┌────────
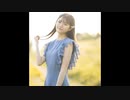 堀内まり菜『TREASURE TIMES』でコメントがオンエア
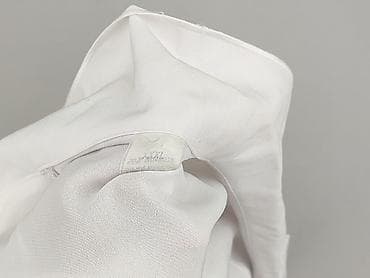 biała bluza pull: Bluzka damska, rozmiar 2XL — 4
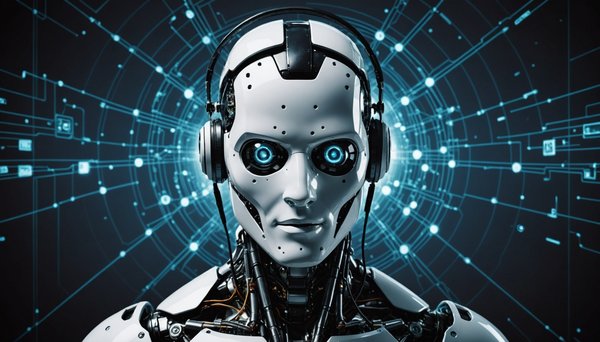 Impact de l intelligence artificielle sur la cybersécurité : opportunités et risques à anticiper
└────────
┌────────
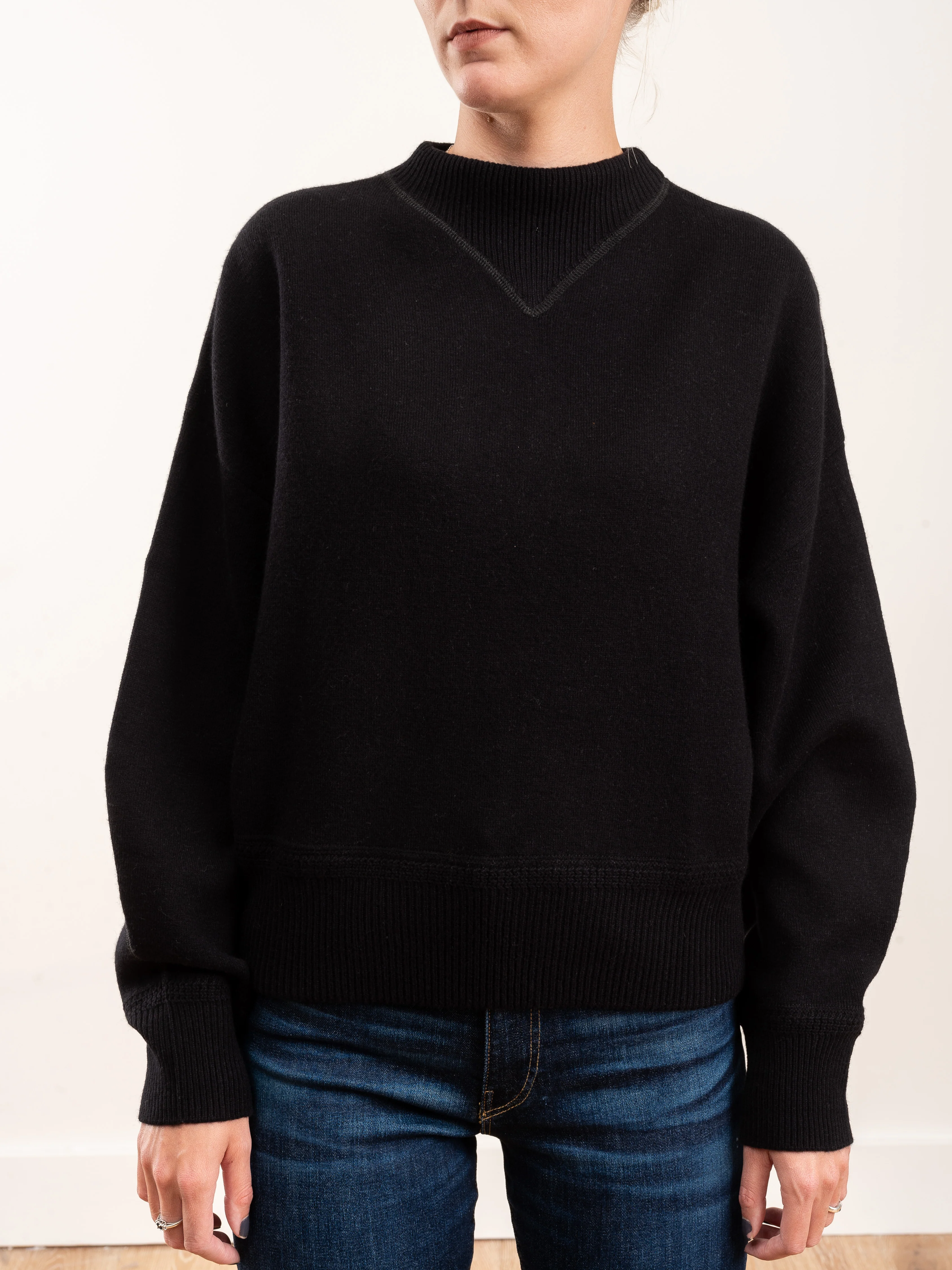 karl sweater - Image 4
└────────
┌────────
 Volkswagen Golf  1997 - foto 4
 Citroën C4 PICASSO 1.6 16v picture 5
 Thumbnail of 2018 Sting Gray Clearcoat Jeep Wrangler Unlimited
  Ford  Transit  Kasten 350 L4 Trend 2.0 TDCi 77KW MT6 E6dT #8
└────────
(Exercise prompt): Going by the data above, the answer is exactly the lines from the one holding "堀内まり菜『TREASURE TIMES』でコメントがオンエア" to the one holding "Impact de l", both kept, with the pictures left out.

(Solution below):
 堀内まり菜『TREASURE TIMES』でコメントがオンエア
 biała bluza pull: Bluzka damska, rozmiar 2XL — 4
 Impact de l intelligence artificielle sur la cybersécurité : opportunités et risques à anticiper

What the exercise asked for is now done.